Bank of England and Bank of Japan officials will come to
the Teton mountains likely to talk about how they might have to
push more money into their economies to stimulate growth, a
last resort when benchmark interest rates approach zero.

Bank of Japan Governor Masaaki Shirakawa was due to leave
Tokyo on Thursday for the Jackson Hole meeting, making it less
likely the Bank of Japan would hold an emergency meeting in the
next few days to ease monetary policy. [ID:nTKV006403]

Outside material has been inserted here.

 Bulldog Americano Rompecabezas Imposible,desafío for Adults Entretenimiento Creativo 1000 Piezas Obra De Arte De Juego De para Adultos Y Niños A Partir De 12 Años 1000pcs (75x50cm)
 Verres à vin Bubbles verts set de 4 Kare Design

“It’s not just the U.S. that stalled in June and July, it’s
the world economy that hit a wall over the summer months,” said
Ellen Zentner, a U.S. economist for Bank of Tokyo-Mitsubishi
UFJ in New York.

The likely mood of concern among the central bankers
heading for the wilds of Wyoming contrasts with the optimism of
a year ago, when debate at Jackson Hole focussed on ways to
wean economies off emergency support as they emerged from
recession.

The discussions give the world’s top central bankers a
chance to thrash out the major challenges of the moment as well
as hike on trails in the scenic national park.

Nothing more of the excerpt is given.